In recent years of research, Deep Learning has achieved considerable progress in many fields of study, such as Natural Language Processing and Computer Vision. In comparison with the traditional Machine Learning algorithms, using deep learning, the built models have a strong capability of learning the structure and the pattern of the data. Applying different techniques to build accurate deep neural networks, the main goal of the researchers is to understand how the data is represented. This task is difficult, because the data have multiple layers of abstractions and the models are represented by complicated functions with millions of parameters.

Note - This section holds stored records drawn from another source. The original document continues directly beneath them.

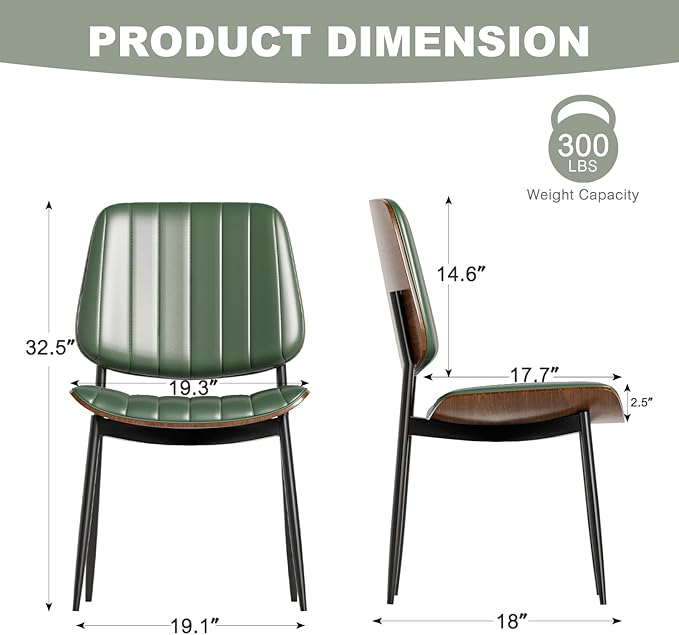 Modern Green Leather Dining Chair Set of 6, Bentwood Backrest & Black Metal Frame Ergonomic Comfort, Sustainable Style, Multi-Space Versatile, Green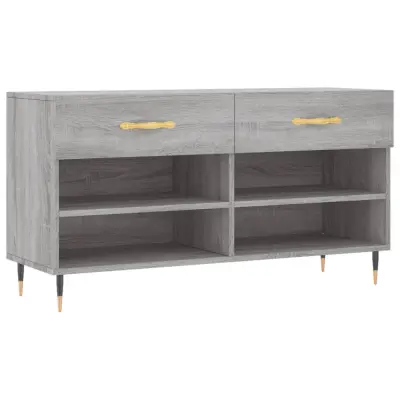 vidaXL Klop za čevlje siva sonoma 102x35x55 cm inženirski les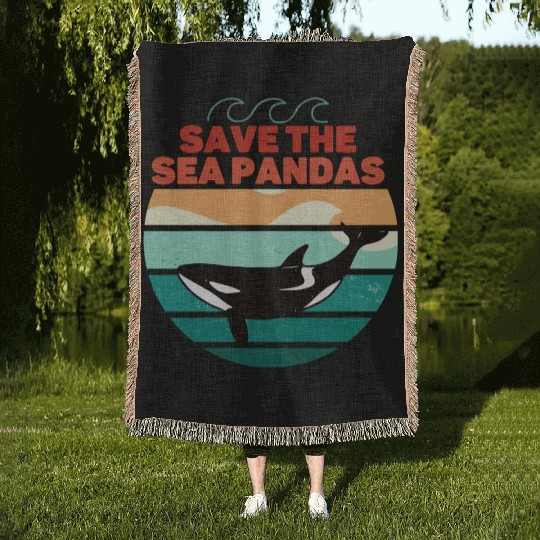 Rescue Killer Whale Orcas Save The Sea Pandas Woven Blankets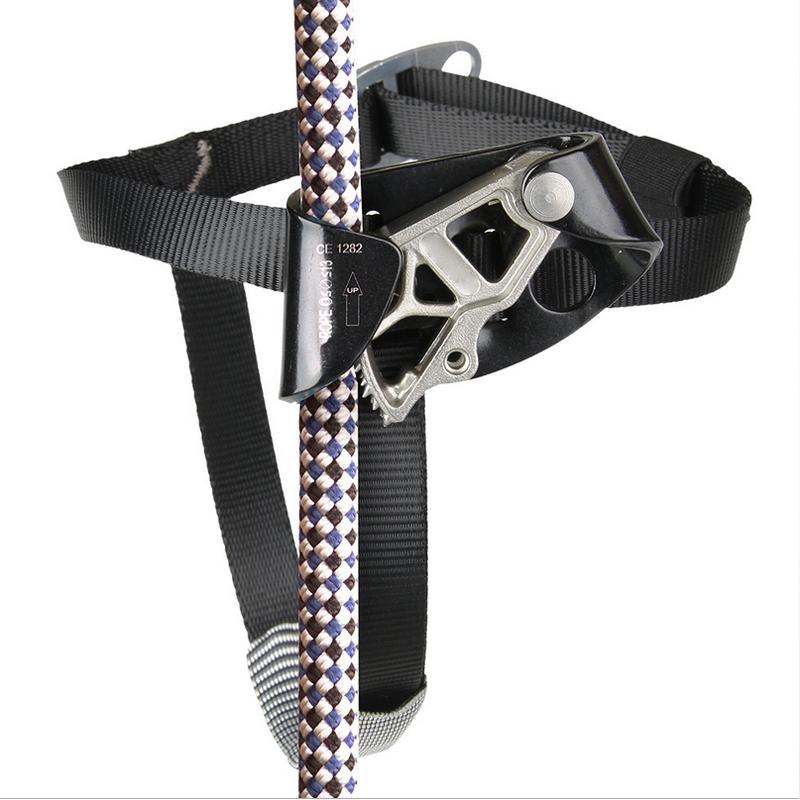 2pcs Rock Climbing Rope Grab Protecta Equipment 9mm-12mm Rope + Left Foot Ascender for Men Women Downhill Abseiling Rappelling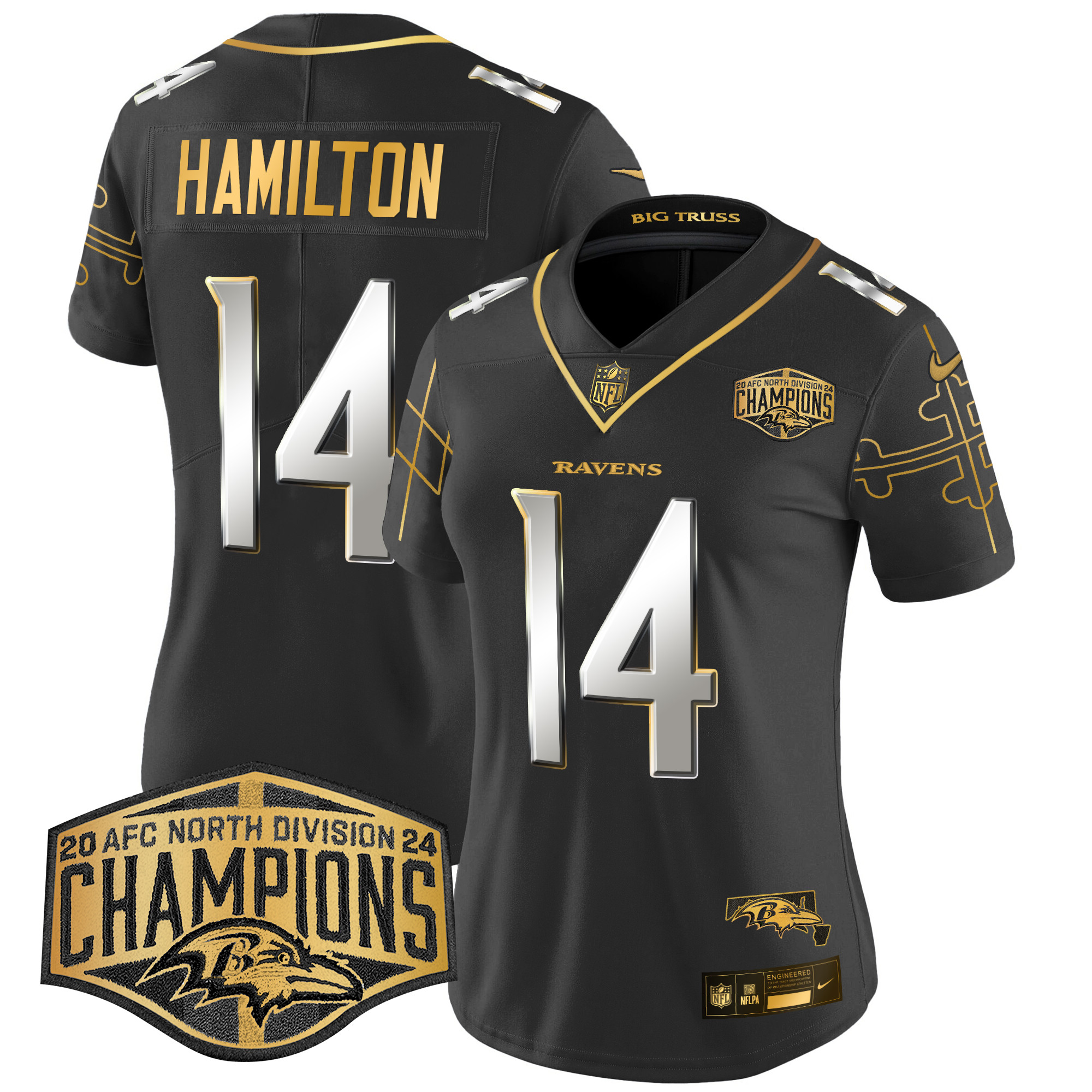 Women's Ravens Maryland Flag Map 2024 AFC North Division Champions Patch Gold Vapor Limited Jersey - All Stitched - Image 4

During the training process of a deep neural network, the purpose is to minimize the loss function, which measures how accurate is the created model with respect to the dataset. Hyperparameters define the ability of a neural network to learn the structure of the data and they have an important impact on it’s performance. Step size, also known as learning rate, is a hyperparameter that controls how much the parameters of a model are adjusted with respect to the loss function, in order to improve it’s prediction capability. Determining an ideal value of the step size will assure that the optimization process is done in a reasonable time and the loss function will converge to the global minimum.
In this thesis we present different line search algorithms, used to compute an optimal value for learning rate parameter, during the training of deep neural networks. We want to study the convergence rate of the model for both convex and non-convex problems using backtracking, Goldstein and Weak Wolfe methods.
In the first part of this thesis, we introduce the concept of neural networks and we describe the optimization process using first order (first derivative of the loss function) and second order (second derivative of the loss function) methods. After this introductory part, we summarize the idea of line search methods and we illustrate the differences between the methods. Finally, we briefly describe the implementation of the architectures for convex and non-convex problems, presenting the experimental results of the line search methods.
We conclude that, using line search methods, the models provide a better performance, but we need to make sure that they are able to generalize.